Today we have amazing hash algos. Even in commercial relational database
systems certain indexes/keys are implemented via hash because it is the
fastest for look-up only data.
DIRECT access files are still popular on the lesser platforms because,
if you have a logically contiguous sequential file and mandate fixed
size records, the C/C++ fseek() function lets you basically implement one.
*ISAM*
I had to spend two weeks in COBOL I drawing on paper and chalk board
until I understood how this worked. While the VAX claimed support for it
(to make it easier to port IBM software to VAX) I never encountered
anyone using it. Even this small description will be more than anyone
wishes to know about it.
Indexed Sequential Access Method was really only used on platforms that
allocated disk storage in Volumes, Cylinders, and Tracks. A certain
number of tracks (or cylinders) were allocated to the "index area." This
was assumed to be at the top of the file. There key values would be
grouped into partially filled "buckets" along with their data track number.

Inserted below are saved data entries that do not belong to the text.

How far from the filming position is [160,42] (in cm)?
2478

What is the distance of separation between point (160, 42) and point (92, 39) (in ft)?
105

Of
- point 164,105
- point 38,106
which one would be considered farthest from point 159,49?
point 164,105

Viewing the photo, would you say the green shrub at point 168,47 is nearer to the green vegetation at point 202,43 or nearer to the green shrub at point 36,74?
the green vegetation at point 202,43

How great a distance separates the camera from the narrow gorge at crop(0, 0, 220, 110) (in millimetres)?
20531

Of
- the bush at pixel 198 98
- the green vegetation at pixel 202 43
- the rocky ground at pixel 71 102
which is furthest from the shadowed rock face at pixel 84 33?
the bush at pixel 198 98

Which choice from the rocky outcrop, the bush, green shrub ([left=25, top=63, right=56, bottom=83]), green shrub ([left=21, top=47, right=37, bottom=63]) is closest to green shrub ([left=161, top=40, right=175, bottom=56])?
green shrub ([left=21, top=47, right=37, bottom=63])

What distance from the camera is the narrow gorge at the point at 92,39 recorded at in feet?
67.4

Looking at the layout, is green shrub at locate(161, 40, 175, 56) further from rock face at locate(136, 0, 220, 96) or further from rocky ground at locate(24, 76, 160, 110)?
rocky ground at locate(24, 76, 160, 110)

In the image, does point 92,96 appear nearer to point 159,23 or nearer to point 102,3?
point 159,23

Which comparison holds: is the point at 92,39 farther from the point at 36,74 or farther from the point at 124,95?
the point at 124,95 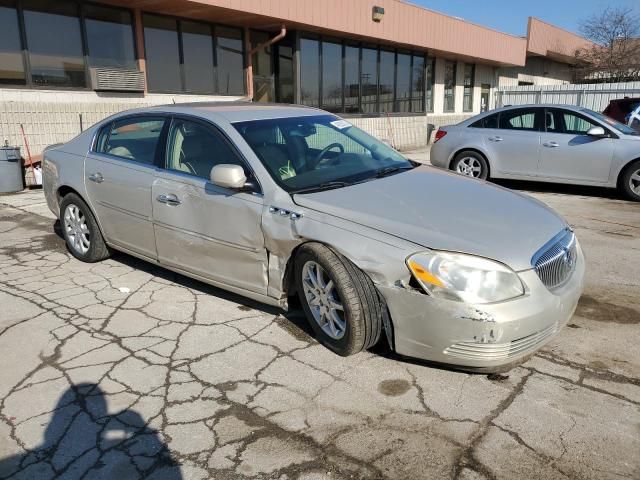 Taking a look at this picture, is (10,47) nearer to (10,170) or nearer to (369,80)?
(10,170)

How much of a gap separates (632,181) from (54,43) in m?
10.3

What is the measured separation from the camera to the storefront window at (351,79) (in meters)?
15.5

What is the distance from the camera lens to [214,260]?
3863 mm

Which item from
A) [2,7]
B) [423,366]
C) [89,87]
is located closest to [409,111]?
[89,87]

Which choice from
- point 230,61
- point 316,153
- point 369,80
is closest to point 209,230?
point 316,153

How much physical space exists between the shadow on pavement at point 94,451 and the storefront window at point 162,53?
9694 millimetres

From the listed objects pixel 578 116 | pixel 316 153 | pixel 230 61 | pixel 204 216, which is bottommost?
pixel 204 216

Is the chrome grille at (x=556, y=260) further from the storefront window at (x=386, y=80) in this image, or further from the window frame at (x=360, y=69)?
the storefront window at (x=386, y=80)

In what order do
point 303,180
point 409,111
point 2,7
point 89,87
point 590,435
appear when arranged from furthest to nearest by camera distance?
point 409,111
point 89,87
point 2,7
point 303,180
point 590,435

The Primary Data Area would be allocated a certain number of tracks,
cylinders, or even volumes (a volume is an entire disk spindle).
The Overflow Data Area got allocated tracks, cylinders, and potentially
volumes as well.
We will skip the conversation of "bucket splits." Buckets were fixed
size, you tried to keep them 50% or less full. Finding a record was a
linear search in the index area reading the first entry of each bucket
until you found one greater than what you were looking for which meant
your value existed in the previous bucket if at all.

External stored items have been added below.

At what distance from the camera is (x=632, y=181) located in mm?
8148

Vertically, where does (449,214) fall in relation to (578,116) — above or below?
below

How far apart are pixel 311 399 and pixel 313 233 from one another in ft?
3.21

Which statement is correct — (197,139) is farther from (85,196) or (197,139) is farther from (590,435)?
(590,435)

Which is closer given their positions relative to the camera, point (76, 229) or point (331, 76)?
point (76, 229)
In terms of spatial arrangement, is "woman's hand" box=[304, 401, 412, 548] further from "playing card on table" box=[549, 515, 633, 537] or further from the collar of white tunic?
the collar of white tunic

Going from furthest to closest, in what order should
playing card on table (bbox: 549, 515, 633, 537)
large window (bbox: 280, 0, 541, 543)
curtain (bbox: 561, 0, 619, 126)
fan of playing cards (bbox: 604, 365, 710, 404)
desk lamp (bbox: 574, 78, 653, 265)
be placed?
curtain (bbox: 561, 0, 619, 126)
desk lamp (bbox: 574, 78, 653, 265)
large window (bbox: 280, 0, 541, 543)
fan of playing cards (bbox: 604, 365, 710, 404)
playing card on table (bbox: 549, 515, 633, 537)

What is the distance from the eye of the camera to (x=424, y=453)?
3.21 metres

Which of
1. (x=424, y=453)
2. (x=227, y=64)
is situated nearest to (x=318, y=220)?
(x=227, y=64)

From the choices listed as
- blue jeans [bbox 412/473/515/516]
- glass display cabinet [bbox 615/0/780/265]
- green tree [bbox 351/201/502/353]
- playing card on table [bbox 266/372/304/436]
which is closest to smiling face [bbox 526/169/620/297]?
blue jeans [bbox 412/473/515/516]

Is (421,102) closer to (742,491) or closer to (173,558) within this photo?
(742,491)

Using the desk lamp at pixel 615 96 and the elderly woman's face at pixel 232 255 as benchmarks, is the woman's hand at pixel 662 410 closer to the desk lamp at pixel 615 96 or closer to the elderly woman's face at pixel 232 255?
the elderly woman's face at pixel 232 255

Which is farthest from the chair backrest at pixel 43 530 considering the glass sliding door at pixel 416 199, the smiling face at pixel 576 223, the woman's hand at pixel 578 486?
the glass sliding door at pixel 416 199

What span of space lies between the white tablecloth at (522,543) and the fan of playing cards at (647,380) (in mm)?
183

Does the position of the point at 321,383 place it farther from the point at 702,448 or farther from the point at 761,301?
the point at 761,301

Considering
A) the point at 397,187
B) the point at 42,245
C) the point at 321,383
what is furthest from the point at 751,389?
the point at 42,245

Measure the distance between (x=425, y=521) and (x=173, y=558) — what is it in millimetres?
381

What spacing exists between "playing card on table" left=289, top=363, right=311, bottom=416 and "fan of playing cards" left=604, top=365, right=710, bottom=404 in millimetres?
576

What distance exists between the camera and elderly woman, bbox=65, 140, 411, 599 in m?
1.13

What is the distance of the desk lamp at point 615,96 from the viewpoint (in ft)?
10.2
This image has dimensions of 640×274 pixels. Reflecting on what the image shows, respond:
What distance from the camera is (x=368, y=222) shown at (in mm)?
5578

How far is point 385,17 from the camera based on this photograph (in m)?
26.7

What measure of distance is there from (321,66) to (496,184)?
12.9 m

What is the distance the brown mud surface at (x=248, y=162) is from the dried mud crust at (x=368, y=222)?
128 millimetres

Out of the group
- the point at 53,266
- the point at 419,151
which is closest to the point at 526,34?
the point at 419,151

Assuming your key was in said bucket, you then read the track in the
data area and chewed through it record by record (they could be packed)
looking for the record with your key or one greater. (lesser if you were
using a descending index)
After going through one or more tracks and coming up empty handed your
search was not over, it had to perform a sequential search on the entire
overflow area.
All of this pain I just shared with you was handled by the OS. Your
COBOL, FORTRAN, BASIC, DIBOL, etc. program simply did READ RECORD blah
KEY EQ more-blah.
If you were coding in Assembly, this pain you had to do yourself,
especially if your OS didn't provide a system services library to do it
mostly for you.
Deletions are simply flagged deleted. You have to REORG these files to
empty out the overflow area, reclaim deleted data space, and clean up
the buckets.
*VSAM*
Virtual Sequential Access Method.
Has only Index Areas (plural) and Data Areas. Each "bucket" is at least
one disk block in size. At its end it contains a link to the next area
bucket. These buckets can be scattered anywhere on disk. If you have
bound volumes or any other OS ability to group multiple disks into one
logical disk, they can be on any of those spindles. Data areas are the same.

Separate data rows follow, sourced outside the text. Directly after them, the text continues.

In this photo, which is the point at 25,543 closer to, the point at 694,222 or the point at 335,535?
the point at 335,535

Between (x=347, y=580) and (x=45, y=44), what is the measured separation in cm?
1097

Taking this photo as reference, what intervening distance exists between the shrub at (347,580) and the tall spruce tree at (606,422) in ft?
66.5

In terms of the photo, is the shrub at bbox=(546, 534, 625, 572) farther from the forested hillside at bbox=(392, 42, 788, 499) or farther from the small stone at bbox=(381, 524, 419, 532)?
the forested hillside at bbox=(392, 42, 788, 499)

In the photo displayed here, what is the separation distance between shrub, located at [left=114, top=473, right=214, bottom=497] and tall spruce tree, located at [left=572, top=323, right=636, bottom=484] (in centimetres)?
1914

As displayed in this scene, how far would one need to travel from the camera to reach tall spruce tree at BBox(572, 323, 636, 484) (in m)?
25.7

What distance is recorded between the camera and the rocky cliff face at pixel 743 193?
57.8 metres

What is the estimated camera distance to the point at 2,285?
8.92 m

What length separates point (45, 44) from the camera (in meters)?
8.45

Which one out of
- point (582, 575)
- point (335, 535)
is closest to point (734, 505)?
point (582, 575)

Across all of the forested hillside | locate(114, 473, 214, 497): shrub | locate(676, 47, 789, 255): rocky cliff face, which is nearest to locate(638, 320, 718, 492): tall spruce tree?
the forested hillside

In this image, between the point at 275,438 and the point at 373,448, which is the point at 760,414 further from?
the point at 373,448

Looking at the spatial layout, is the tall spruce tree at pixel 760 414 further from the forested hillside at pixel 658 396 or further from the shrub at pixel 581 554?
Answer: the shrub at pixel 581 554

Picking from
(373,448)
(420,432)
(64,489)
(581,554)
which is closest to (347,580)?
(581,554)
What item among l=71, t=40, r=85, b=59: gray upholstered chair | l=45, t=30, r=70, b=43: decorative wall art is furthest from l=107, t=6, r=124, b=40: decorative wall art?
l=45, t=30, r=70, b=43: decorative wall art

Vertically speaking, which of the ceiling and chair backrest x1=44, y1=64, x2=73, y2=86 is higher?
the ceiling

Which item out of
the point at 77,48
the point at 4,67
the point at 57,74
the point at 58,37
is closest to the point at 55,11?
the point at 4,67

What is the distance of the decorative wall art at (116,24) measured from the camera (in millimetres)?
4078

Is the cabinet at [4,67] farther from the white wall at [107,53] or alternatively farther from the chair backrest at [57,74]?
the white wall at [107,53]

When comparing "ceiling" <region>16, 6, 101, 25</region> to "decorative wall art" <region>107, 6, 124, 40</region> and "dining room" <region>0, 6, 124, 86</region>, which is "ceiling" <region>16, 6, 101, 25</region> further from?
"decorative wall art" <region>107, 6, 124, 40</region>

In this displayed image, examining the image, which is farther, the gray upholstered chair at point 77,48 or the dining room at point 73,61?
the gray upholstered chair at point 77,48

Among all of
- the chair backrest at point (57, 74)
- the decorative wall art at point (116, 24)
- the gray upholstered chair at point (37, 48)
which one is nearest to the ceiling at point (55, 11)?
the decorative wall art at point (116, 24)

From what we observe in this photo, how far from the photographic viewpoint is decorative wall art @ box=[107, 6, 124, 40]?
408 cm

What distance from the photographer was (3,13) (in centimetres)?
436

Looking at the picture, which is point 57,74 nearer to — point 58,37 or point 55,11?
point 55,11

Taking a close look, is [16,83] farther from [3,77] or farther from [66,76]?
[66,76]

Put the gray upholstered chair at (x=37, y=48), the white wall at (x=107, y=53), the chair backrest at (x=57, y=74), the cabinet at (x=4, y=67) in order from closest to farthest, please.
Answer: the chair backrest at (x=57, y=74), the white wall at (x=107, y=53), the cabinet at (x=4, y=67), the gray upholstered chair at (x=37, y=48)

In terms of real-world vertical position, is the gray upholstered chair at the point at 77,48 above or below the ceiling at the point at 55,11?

You have the option of processing this file sequentially by doing a
keyed hit to the first record of some index and sequentially reading. It
will read in key sequence until end.
Index buckets are required to have the actual data bucket of the record.
Records could span blocks/buckets and they could be packed.
Deleted records were actually deleted. If block/bucket spanning was
enabled you paid a bit of overhead price while things shuffled around.
The file system keeps track of the lowest and highest key value for each
index as well as the bucket count for the index. A binary search is done
to find the correct index bucket.
Again, COBOL, FORTRAN, BASIC, DIBOL, etc programmers just did their
language's version of READ RECORD blah KEY EQ more-blah. The OS did
everything else.
Assembler programmers on platforms that didn't have system services to
call had to do all of this on their own.
We all had to take Assembler so we all had to learn this stuff.
Sorry, once that started spilling out I couldn't stop it.
Roland
On 3/7/2023 11:32 PM, Arjen Markus wrote:
I have never worked much with VAXes, but I do remember that VAX used a
file system where you made a new version of a file and the older
versions were automatically kept. I guess that is the purpose of the
INDEXED organisation. It is not so much a limitation of gfortran that
it does not support this, but a consequence of the operating system's
completely different view on files and file management.
Regards,
Arjen
Op di 7 mrt 2023 om 23:58 schreef Thomas Koenig via Fortran
<fortran@gcc.gnu.org>:
Hi Roland,
> 210 OPEN (UNIT=K_DRAW_CHAN,
> 1 FILE=DRAWING_DATA,
> 2 STATUS='OLD',
> 3 ORGANIZATION='INDEXED',
I'd never heard of that one up to now.
> 4 ACCESS='KEYED',
> 5 RECORDTYPE='FIXED',
> 6 FORM='UNFORMATTED',
> 7 RECL=K_DRAWING_RECORD_SIZE/4,
> 8 CARRIAGECONTROL='FORTRAN',
> 9 KEY=(1:8:CHARACTER),
> 1 DISP='KEEP',
> 2 IOSTAT=L_DRAW_ERR,
> 3 ERR=999)
>
> The ORGANIZATION='INDEXED' is key.
>
> GnuCOBOL
>
> https://gnucobol.sourceforge.io/
>
> uses the BerkleyDB (sp?) library so the standard COBOL indexed file
> support from the big computers can at least be mimicked.
>
> I'm searching everywhere and I cannot find Gnu Fortran (any flavor)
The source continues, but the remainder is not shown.